Replaying Traffic

Once you've prepared the input pellets file with clients and either have you own configuration file or know which present you want to use, you can the the following scripts to run DNS Shotgun.

$ replay.py -r pellets.pcap -c udp -s ::1

Tip

Use the --help option to explore other options.

During the replay, there is quite a bit of logging information that look like this.

UDP-01 notice: total processed:       267; answers:         0; discarded:         2; ongoing:       172

The important thing to look out for is the number of discarded packets. In case nearly all the packets are discarded or a large portion of them, it almost certainly indicates some improper setup or input data. The test should be aborted and the reason should be investigated. Increasing the -v/--verbosity level might help.

Binding to multiple source addresses

When sending traffic against a single IP/port combination of the target server, the source IP address has a limited number of ports it can utilize. A single IP address is insufficient to achieve hundreds of thousands of clients.

DNS Shotgun can bind to multiple sources addresses with the -b/--bind-net option. You can specify either IP address or a newtork range using CIDR notation. Multiple values (either IPs, ranges or any combination of those) can be specified. When using CIDR notation, the network and broadcast address won't be used.

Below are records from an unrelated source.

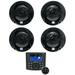 Rockville RGHR45 4 Zone Marine Bluetooth Receiver+(4) Black JBL 6.5 Speakers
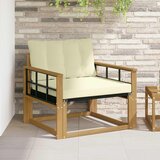  Set vanjskih sofa Čvrsto drvo akacije i Textilene Bijela i krem | shoptok.hr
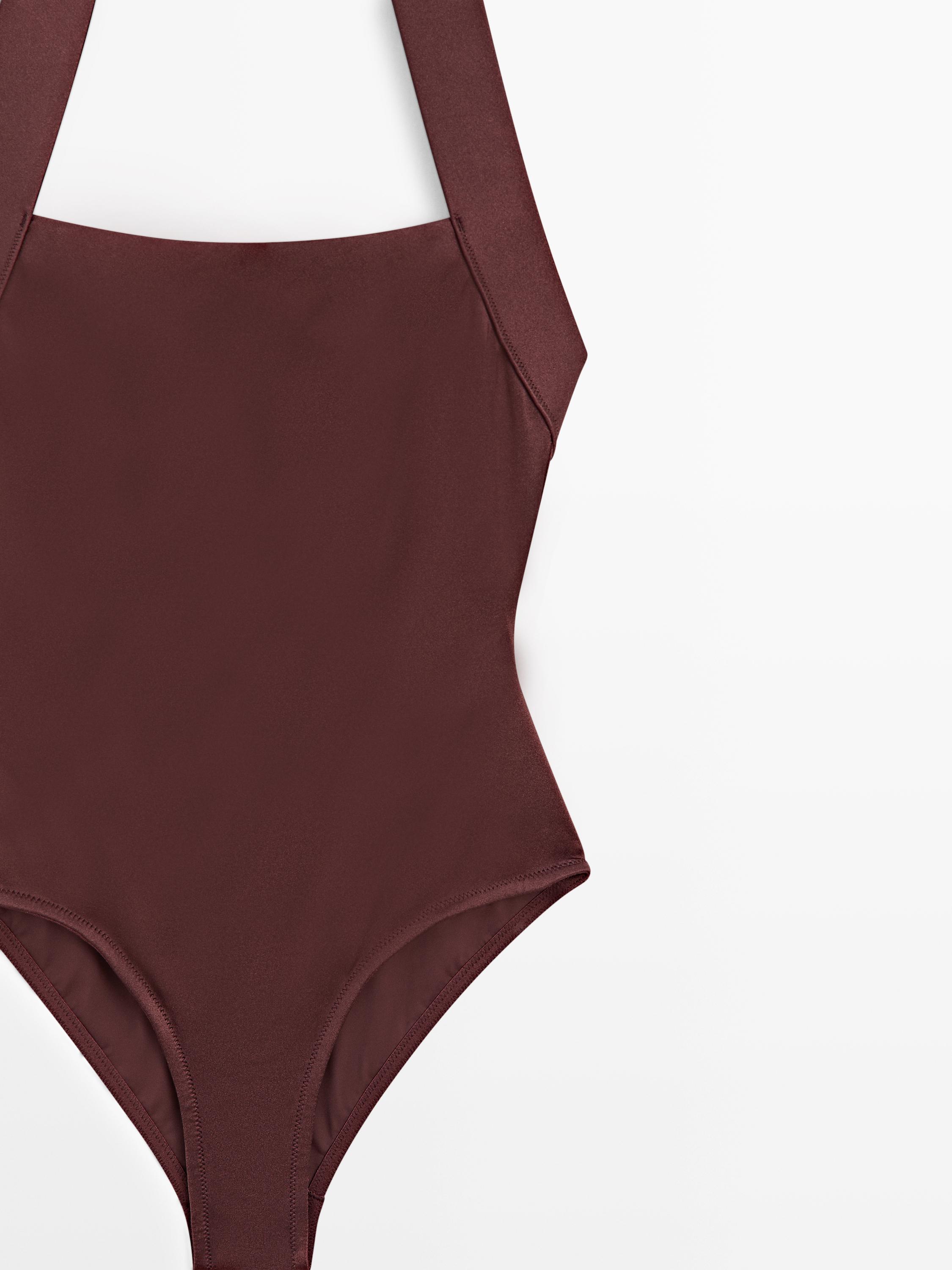 Shimmery halter swimsuit — BROWN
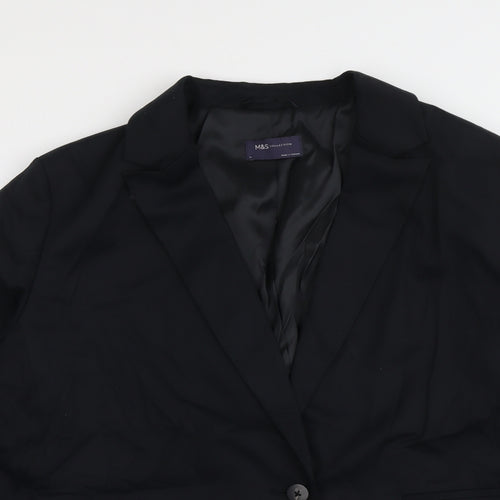 Marks and Spencer Womens Black Lyocell Jacket Blazer Size 16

$ replay.py -r pellets.pcap -c tcp -s fd00:dead:beef::cafe -b fd00:dead:beef::/124

Tip

Our rule of thumb is to use at least one source IP address per every 30k clients. However, using more addresses is certainly better and can help to avoid weird behaviour, slow performance and other issues that require in-depth troubleshooting.

Note

If you're limited by the number of source addresses you can use, utilizing either IPv6 unique-local addresses (fd00::/8) or private IPv4 ranges could be helpful.

Warning

This is an advanced topic and emulating latency isn't necessary for many scenarios.

Overall latency will affect the user's experience with DNS resolution. It also becomes much more relevant when using TCP and TLS, since the handshakes introduce additional round trips. When benchmarks are done in the data center with two servers that are directly connected to each other with practically no latency, it can provide a skewed view of the expected end user latency.

Luckily, the netem Network Emulator makes it very simple to emulate various network conditions. For example, emulating latency on the sender side can be done quite easily. The following command adds 10 ms latency to outgoing packets, effectively simulating RTT of 10 ms.

$ tc qdisc add dev $INTERFACE root netem limit 10000000 delay 10ms

Tip

For more possibilities, refer to man netem.8. Using a sufficiently large buffer (limit) is essential for proper operation.

However, beware that the settings affect the entire interface. If you're going to emulate latency, it's best if the resolver-client traffic is on a separate interface, so the resolver-upstream traffic isn't negatively impacted.